Take South Africa, the host of this year’s UN climate conference. Last year, the World Bank approved a $3.75 billion loan to Eskom Holdings through the South African Government, of which $3 billion was for a 4,800 MW coal plant in Lehphalale. The project is under investigation by the Inspection Panel, the Bank’s accountability mechanism, due to concerns raised by communities. South Africa is constructing another 4,800 MW coal plant in Delmas, known as the Kusile Power Station. These two coal plants will be among the largest in Africa, and the world. And there are already several coal plants in South Africa that emit vast quantities of green house gases (GHGs) and other substances, which cause irreparable harm to the environment and human health. Also, let’s not forget that South Africa is among the top GHG emitters of the developing world, along with Brazil, China, and India. Building new coal plants will only exacerbate the environmental and social problems in this context. While energy access for the poor is a legitimate policy priority, there are cleaner alternatives. Moreover, the bulk of energy produced by these plants feed into industry instead of benefiting vulnerable peoples. A recent report by WWF demonstrates the dire situation of water contamination from coal mining and plant operations, as well as related water scarcity issues in South Africa. And a report by Greenpeace shows how bad South Africa’s addiction to coal really is. In fact, at a South African press briefing at Durban, reporters raised this report, questioning whether the Government adequately considered the environmental and health costs associated with Kusile. The response was far from satisfactory and little more than “we’re looking into it.”
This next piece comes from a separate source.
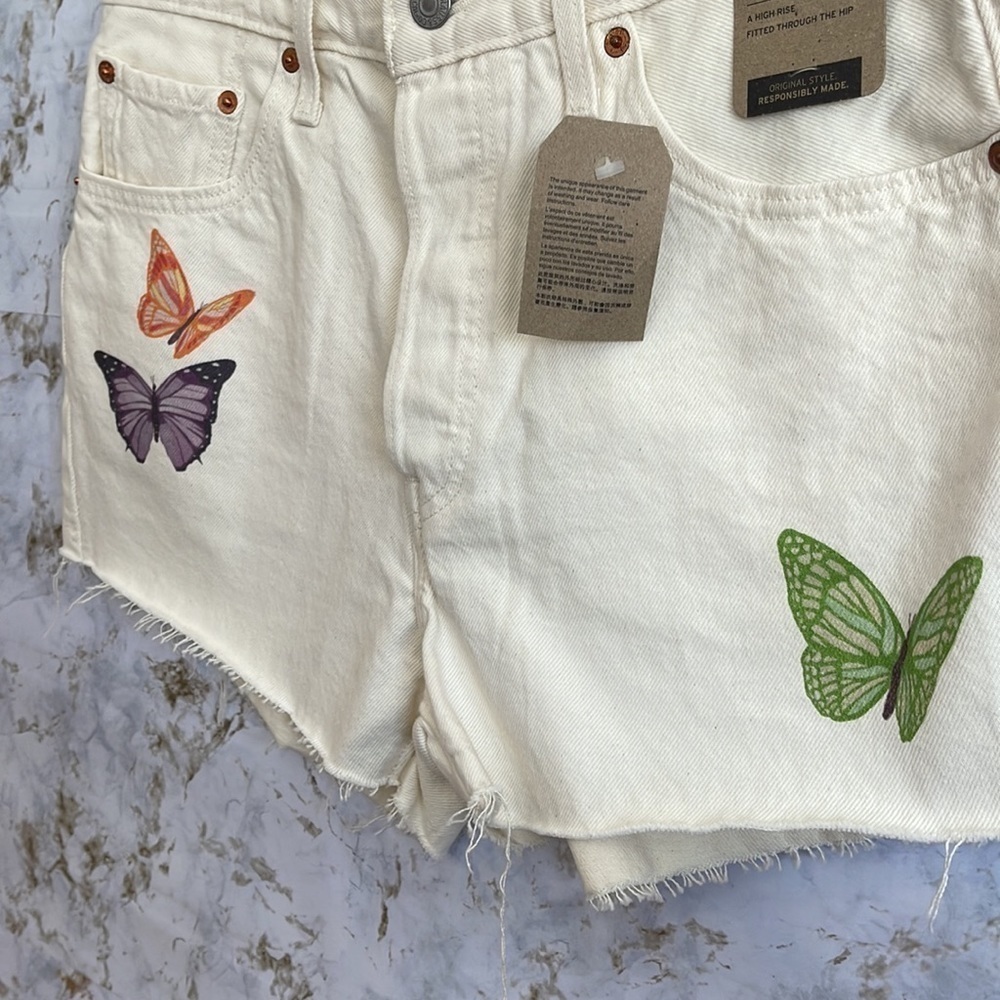 Levi’s 501 High Rise Butterfly Shorts l SIZE 29 - Picture 5 of 10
South Africa isn’t the only nation with a coal addiction. There are plenty of countries, both developed and developing, who have vested interests in continuing to exploit fossil fuels – the concerns of the fossil fuel industry certainly don’t seem to be underrepresented at the climate negotiations. Discussions on increasing “ambition” (the language negotiators use when discussion targets) to reduce emissions are going from bad to worse, no doubt egged on by these interests. Negotiations on rules for the Clean Development Mechanism, a crediting mechanism under the Kyoto Protocol, seem to be making more and more allowances for technologies that would benefit the fossil fuel industry. Is this really the vision for the future climate regime?
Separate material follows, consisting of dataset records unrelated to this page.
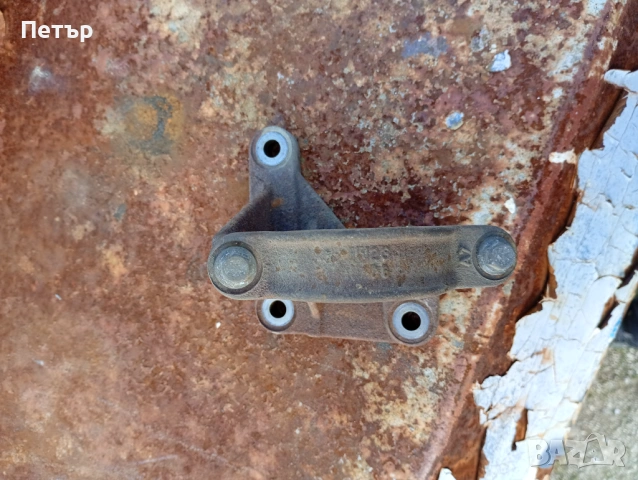 Опора планка лапа висящ лагер volvo s60 s80 v70 xc70 xc90 30711363, снимка 2 - Части - 53841632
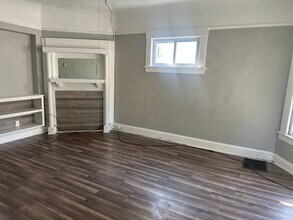 2109 W 98th St in Cleveland, OH - Building Photo - Building Photo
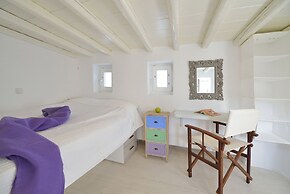 Villa Princess 1 4BD with Pool Panormos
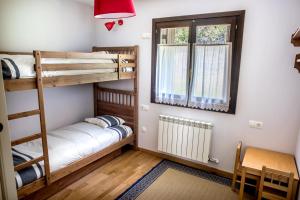 a room with two bunk beds and a window at Casa Sollevante in Sesué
Of course, not everyone has forgotten this radical idea of transitioning from fossil fuels to renewable energy to help save our planet. There’s been quite a bit of good old NGO action in Durban on coal. In the week before the climate talks, a South African NGO, groundWork, organized “Dirty Energy Week,” a conference to examine the problems communities are facing with dirty energy sources in Africa. And last week, in addition to panel called “The Dirty Truth About Coal,” Sierra Club and others hosted a funeral procession for “King Coal” to celebrate successfully defeating over 150 proposed coal plants in the United States. Victories like this don’t come often. It’s a good reminder that when the 99% speak out, they can certainly make a difference.